# Creating a 'Natural' Cave



## Zerocon (5 May 2011)

Hey,
How would I go about creating a 'cave' in my 20 Gal?
I would like to fit it in with the looks of an aquascape, but without making it looks like a tacky LFS fake cave...
Would using HC or moss around a plastic tube (with small holes in) work? 
I need some ideas please, it'll be for my Female Dwarf Gourami, my cherries (getting on saturday).


----------



## idris (5 May 2011)

I can't tell you exactly how natural it's going to look for a while yet, but this is my work-in-progress cave. 
http://ukaps.org/forum/viewtopic.php?f=35&t=15588


----------



## Bobtastic (5 May 2011)

I made a cave out of pebbles stuck together with silicon for my community tank. Looks like this.

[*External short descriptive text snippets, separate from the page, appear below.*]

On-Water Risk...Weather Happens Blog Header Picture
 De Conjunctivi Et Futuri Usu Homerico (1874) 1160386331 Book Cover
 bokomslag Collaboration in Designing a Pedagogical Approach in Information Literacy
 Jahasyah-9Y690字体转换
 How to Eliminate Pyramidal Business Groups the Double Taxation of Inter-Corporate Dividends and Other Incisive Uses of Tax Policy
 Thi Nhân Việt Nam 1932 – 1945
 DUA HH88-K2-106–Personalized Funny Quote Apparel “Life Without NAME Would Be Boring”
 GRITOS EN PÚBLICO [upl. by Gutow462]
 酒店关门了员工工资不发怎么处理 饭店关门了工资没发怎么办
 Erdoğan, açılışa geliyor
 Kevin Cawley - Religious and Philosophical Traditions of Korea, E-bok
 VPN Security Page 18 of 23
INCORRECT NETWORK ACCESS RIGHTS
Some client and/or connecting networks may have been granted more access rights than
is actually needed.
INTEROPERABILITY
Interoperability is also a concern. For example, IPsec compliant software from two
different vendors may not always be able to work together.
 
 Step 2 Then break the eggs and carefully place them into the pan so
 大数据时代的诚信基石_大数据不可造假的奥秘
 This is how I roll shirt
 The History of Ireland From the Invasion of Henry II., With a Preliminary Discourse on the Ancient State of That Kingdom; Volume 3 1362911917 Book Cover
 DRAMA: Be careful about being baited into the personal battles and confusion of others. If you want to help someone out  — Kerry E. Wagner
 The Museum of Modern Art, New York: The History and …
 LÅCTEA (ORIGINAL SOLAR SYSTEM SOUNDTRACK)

You could probably put some moss on it to help it blended in.


----------



## nayr88 (5 May 2011)

I made a cave for my apistogramma's by having a ton of landscaping stone and fitting it together so it was nise and tight, I tied moss onto it and it looks pretty good, and they love it 

Your best bet would be like bobs, but I think itd look better with lava rock, with moss tied to it.


----------



## Zerocon (6 May 2011)

Do I need a special type of Silicon?
They all look great, I'm just going to go for it, I will be starting a Journal soon!


----------



## idris (6 May 2011)

Make sure you use aquarium safe silicon. The normal bathroom stuff has things like fungicide in them which you don't really want in an aquarium.
I think someone recently posted a link to a cheap online supplier - about £3 or £4 for a cartridge, which is much cheaper than LFSs. But I can't find the thread just now. But shop around online.


----------